Lesson2「ぷりん部なら、パンティに命を燃やせッ!」 03
「そんなことがあったんですか」
私の話を、親身になって訊いてくれている隼人が優しく言った。
「先輩の妹さんって強いんですね」
「強いってもんじゃない。あれは子供の皮を被ったゴリラだ。乱獲されても、アイツだけは生き残れる力を持っている」
私は通行人を横目に見ながら答えた。
秋葉原駅で待ち合わせした私たちは、電気街口を中央通りに歩き、適当な所に座り、プリンを食べつつパンティウォッチングを開始した。日曜日ともなると秋葉はかなりの通行人の数になる。電化製品を買いに来る中国人。画集やアニメグッズを大人買いするアメリカ人。コスプレをする日本人。など、人種はそれぞれ違うが、日本のサブカルチャーをこよなく愛する者に国境はない。

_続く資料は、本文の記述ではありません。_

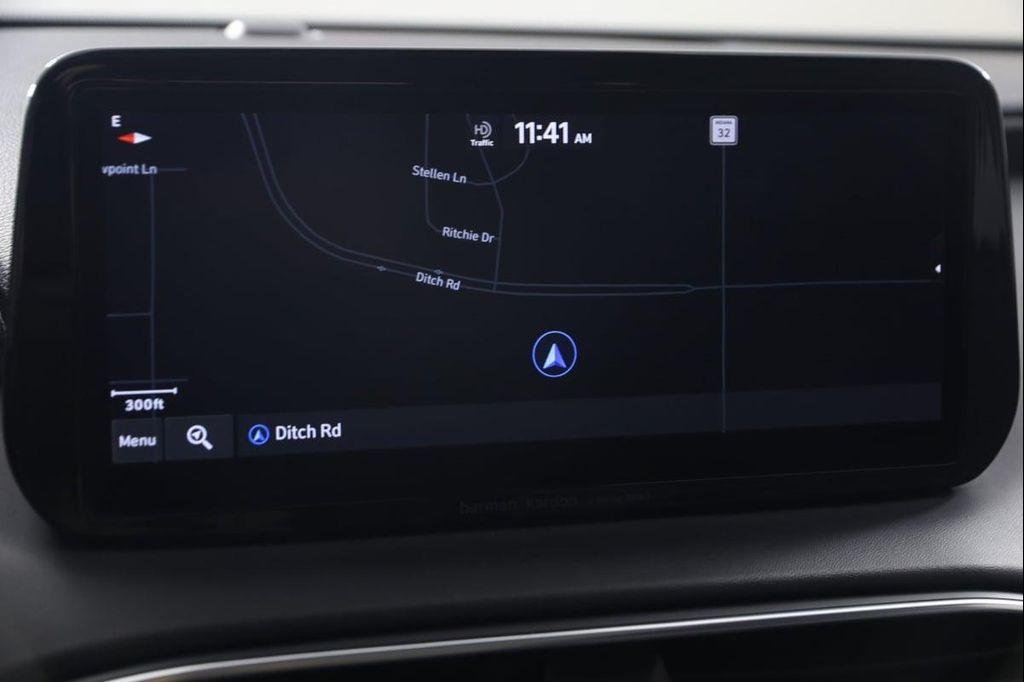 used 2021 Hyundai Santa Fe car, priced at $20,500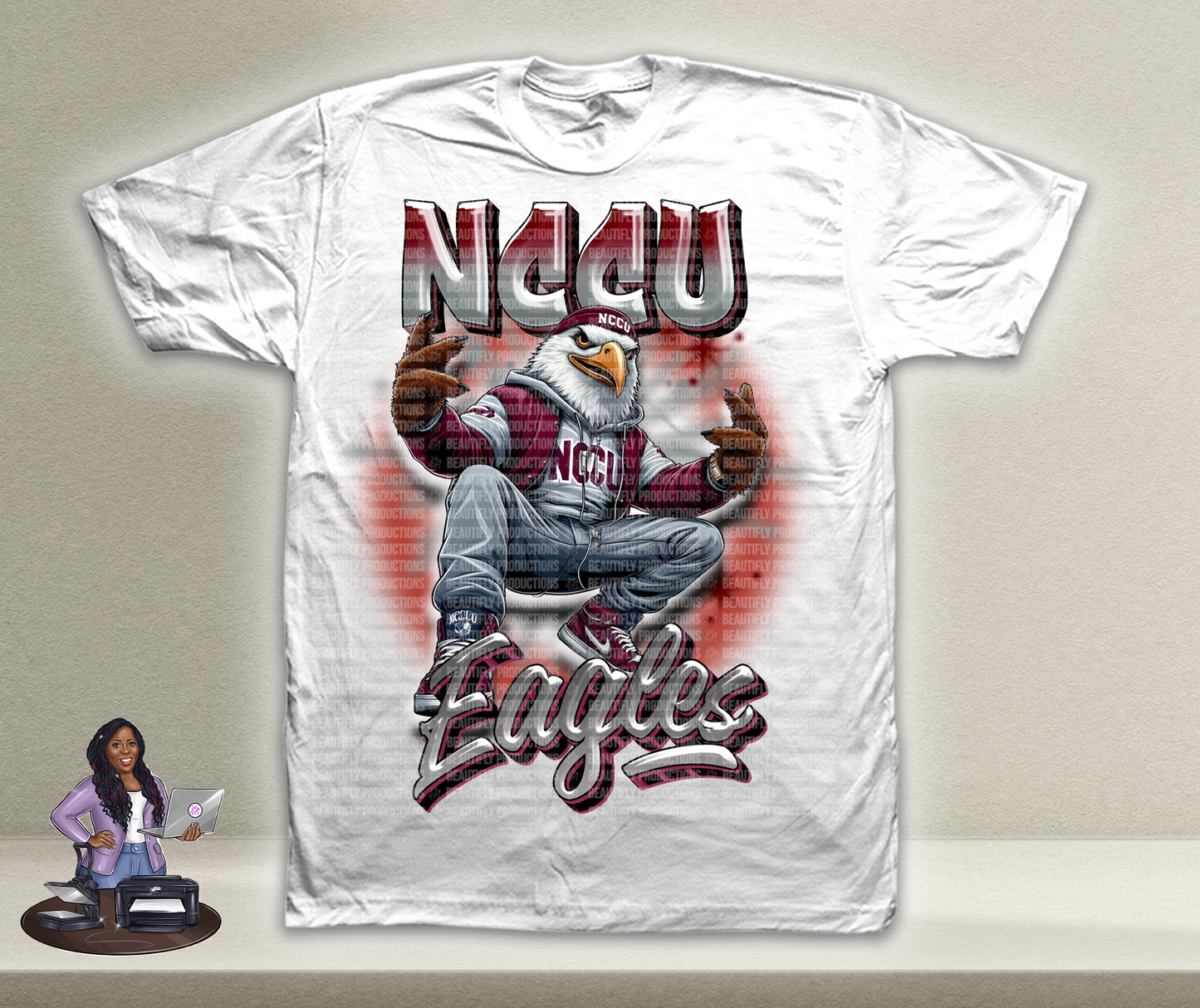 NCCU Grafitti Design
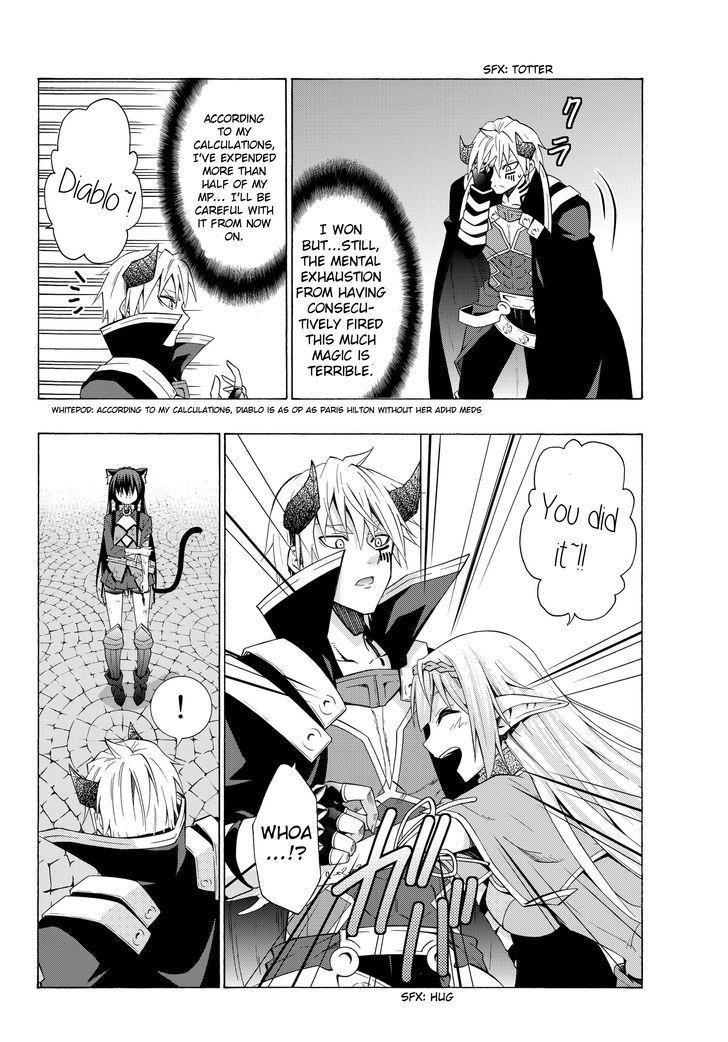 Isekai Maou To Shoukan Shoujo Dorei Majutsu Chapter 12.2 - Page 4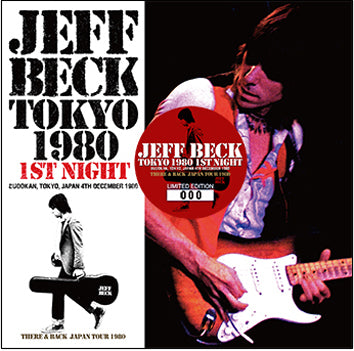 JEFF BECK - TOKYO 1980 1st NIGHT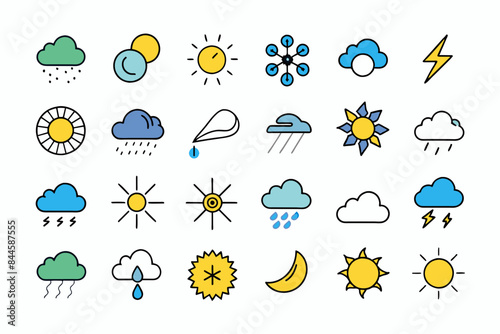 weather icons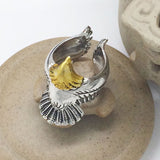 Vintage Big Eagle Wing Open Ring – Useful Gifts — 2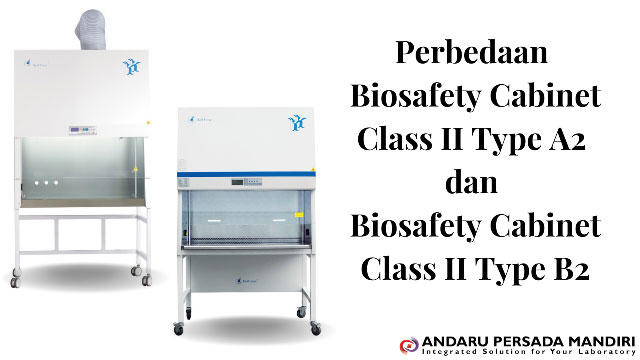gambar Perbedaan Biosafety Cabinet Class II Type A2 dan B2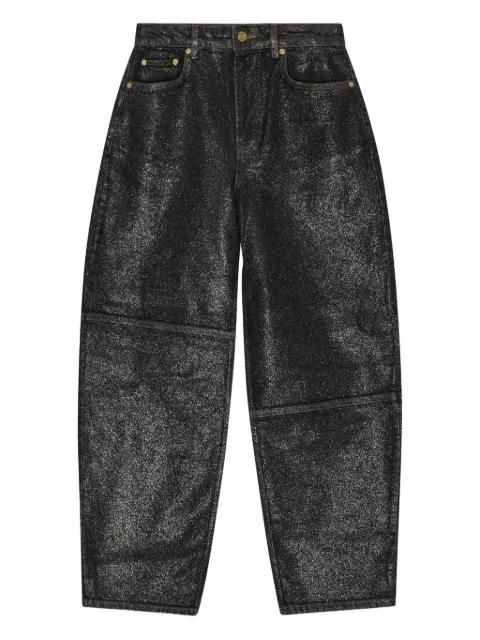 GANNI jeans con bolsillos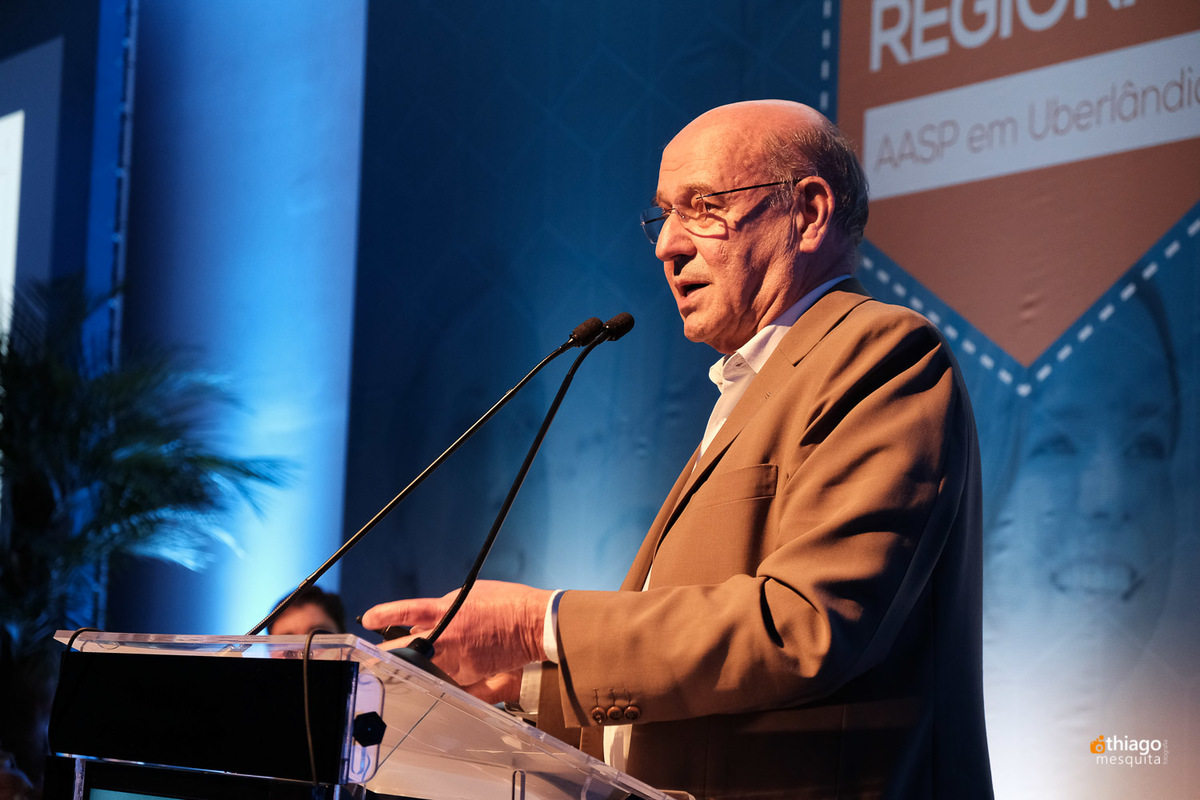 Décimo Segundo Simpósio Regional da AASP em Uberlândia, registro corporativo do fotografo Thiago Mesquita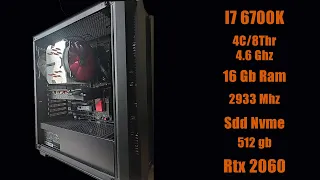 На что способен старый I7 6700K???  Разгоняем до 4.6Ghz + Rtx 2060. Тестирование в 14 играх!!!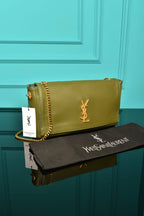 YVES SAINTLAURENT - Medium Reversible Kate Flap Bag (6 Renk)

国際パンティを堪能するに、秋葉原は無くてはならない場所なのだ。
「隼人に紹介する機会があるかはわからないが、そのときは奴の三段コブパンチに気をつけろよ。腫れが一週間は引かないからな」
「はぁ……、気をつけます」
そう言って隼人は右頬を掻いた。
私は目の前を通り過ぎる外国人を指差して話題を変える。
「それはそうと、あの女性を見ろ」
隼人は、私が指差した人を見つめ「あの人がどうかしましたか?」と首を傾げた。
「日本人と違って、外国の方はパンティラインをあまり気にしない人が多い」
女性は、白のタイトスカートからTバックが浮き出ている。丸みのあるお尻を露わにし、それが彼女のセクシー度を倍増しているように思われた。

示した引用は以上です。